Scientists examined chunks of basalt, a type of volcanic rock formed when lava cools, from 12,000 feet below the Pacific along a massive geographical formation called the midocean ridge. The scientists discovered in these basalts traces of carbon dioxide and other compounds that originated deep within the Earth's mantle, the source of most volcanic activity. Because compounds from this inaccessible region had never been found so well preserved, the rocks gave scientists a rare peek at what the mantle consists of – and what it might spew into the atmosphere through volcanoes.
"Most lava erupts at the surface and has lost its gases. From a geochemist's point of view, you need to know what the composition of the mantle really is," said Mike Perfit, a UF geology professor and co-author of the Nature paper. "This kind of data might be useful in talking about the contribution of the mantle to the atmosphere and hydrosphere and how those concentrations might affect the climate."
Carbon dioxide is the leading "greenhouse gas" that traps heat and contributes to warming of the Earth. Scientists have long speculated volcanic eruptions can spew enough of this and other gases into the atmosphere to cause significant warming trends – changes so massive they may even spur mass extinctions. By giving scientists an idea of how much carbon dioxide lies under the Earth, the basalt may help answer this question, Perfit said.
When magma rises to the Earth's surface and erupts as lava flows, Perfit said, it typically "de-gasses:" As the Earth's pressure on the lava declines, the amount of volatile compounds that become gases at the surface rapidly decrease. It's a bit like popping open a soft drink: The carbon dioxide bubbles off. As a result, carbon dioxide, water, sulfur dioxide, helium, chlorine and other "volatiles" are barely present in most basalt, making it difficult for geologists to figure out the amounts and proportions of these compounds in the mantle.
The deep ocean, however, is a unique environment. The water is so cold and the pressure so intense there it may keep the volatiles confined in the lava, known as magma when it first erupts and hardens. As a result, geologists have seen deep-sea geological formations such as so-called "pillow flows" as one of their best hopes for investigating the mantle question.
Perfit and colleague Dan Fornari, of the Woods Hole Oceanographic Institute, were among the scientists who dived in the manned deep-water submersible robot "Alvin" to probe a site a few hundred miles west of the Mexican coast. The area, known as the Siqueiros Transform fault, a deep part of the midocean ridge, was known to experience underwater eruptions, which is why the scientists chose it for their investigation. Perfit returned with a small load of golf ball- to basketball-sized pieces of basalt from the sea floor, where the water pressure was 350 times greater than at the surface.

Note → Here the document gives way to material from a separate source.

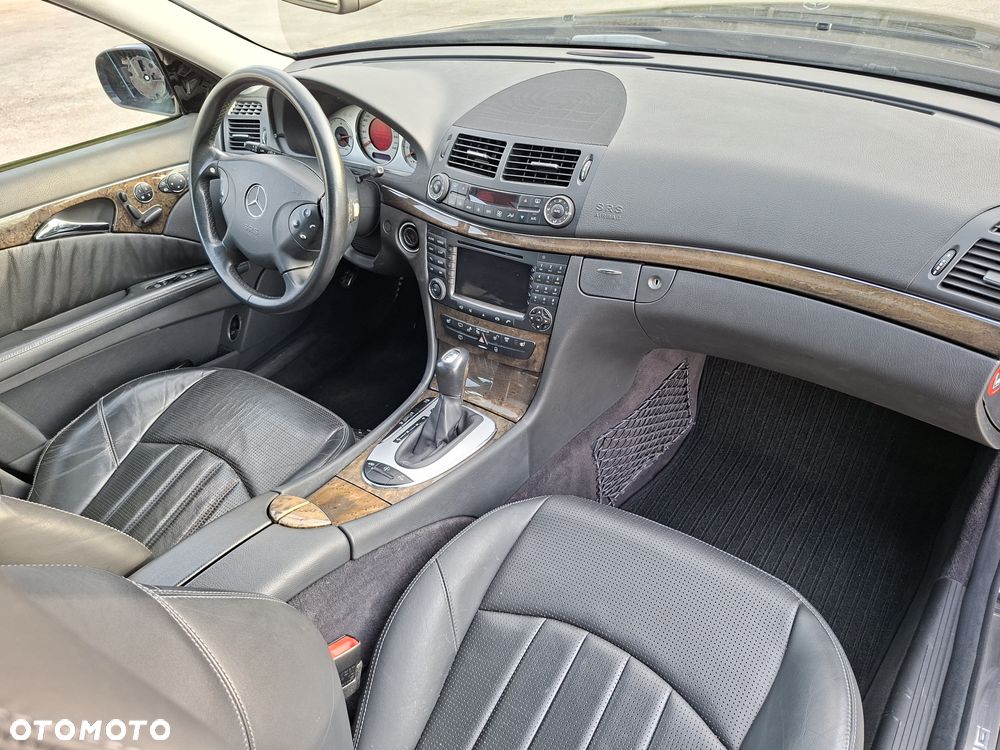 Mercedes-Benz Klasa E 55 AMG Automatik - 12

This basalt not only had no bubbles, indicating that the volatile compounds remained in the lava, it also was very recently formed, making it an ideal study candidate. Scientists discovered that small crystals in the rock called olivines contained tiny bits of pure magma. Using newly developed technology that can analyze very small areas, researchers Alberto Saal and Eric Hauri, two of the other authors on the Nature paper from the Lamont-Doherty Earth Observatory of Columbia University, measured the volatiles in this magma.
Peter Michael, a professor of geosciences at The University of Tulsa familiar with the research, said other geologists have been able to measure some volatiles before, such as chlorine. But the Siqueiros Transform rocks provide a unique glimpse at carbon dioxide levels. This is important, because the midocean ridge is a mammoth, 40,000-mile long mountain where 85 percent of the world's volcanic activity occurs. As a result, if the basalts Alvin returned to the surface are typical of other midocean ridge basalts, it could help determine the rate at which Earth's below-ground carbon dioxide is supplied to the atmosphere through volcanoes, he said.
"What this work may allow us to do is actually compute the carbon dioxide not just for that magma, but for a lot of other midocean ridge basalt magmas," Michael said.